Beijing yesterday claimed that Australia’s intelligence agency questioned foreign correspondents working for Chinese state-run media, seizing computers and mobile phones in raids apparently linked to a billowing spy scandal.
The accusation, the latest scrap in a diplomatic falling-out that spans security, trade and media freedoms, follows an investigation by Beijing into Australian journalists based in China.
The remaining two foreign correspondents working for Australian media in China, Bill Birtles and Michael Smith, fled on Monday fearing arrest, while another — Cheng Lei (成蕾), who worked as an anchor for Chinese state TV — is being detained under “national security” laws.

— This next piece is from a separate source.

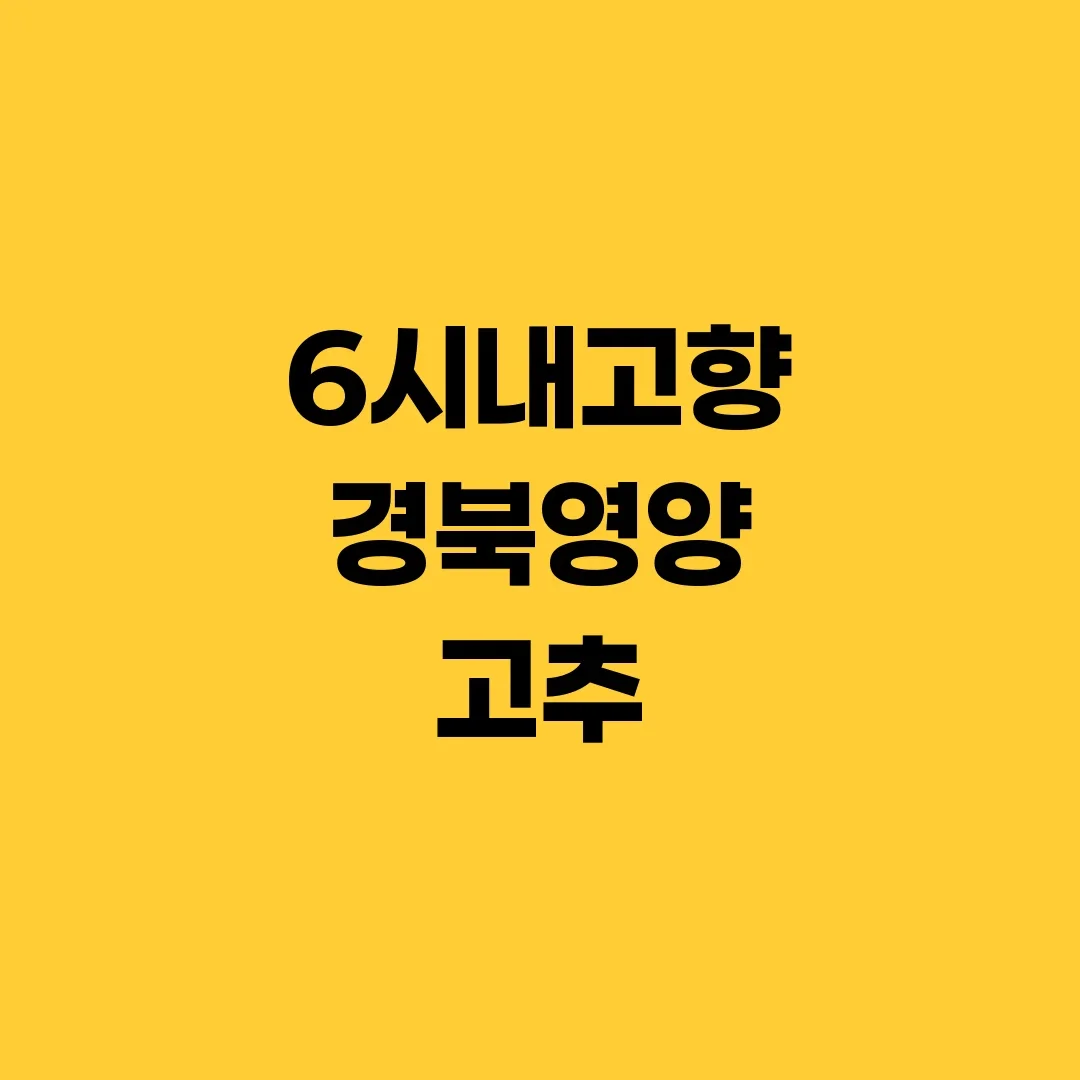 6시내고향 경북영양 고추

Photo: Reuters / Australian Broadcasting Corp
Chinese Ministry of Foreign Affairs spokesman Zhao Lijian (趙立堅) yesterday added a new layer to the intrigue, saying that Australia-based journalists from Xinhua news agency, China News Service and China Media Group were the target of raids by local intelligence agents in late June.
Four journalists were “interrogated ... on the grounds of a possible breach of Australia’s anti-foreign interference laws,” Zhao told reporters in Beijing.
They were questioned and had their phones and computers, and even their children’s tablets, confiscated, he said.
“Journalists of the Chinese media in Australia have strictly observed local laws and regulations,” he added.
Australia’s actions “seriously interferes with the normal reporting duties of the Chinese media ... and causes serious damage to the physical and mental health of the journalists and their families,” Zhao said.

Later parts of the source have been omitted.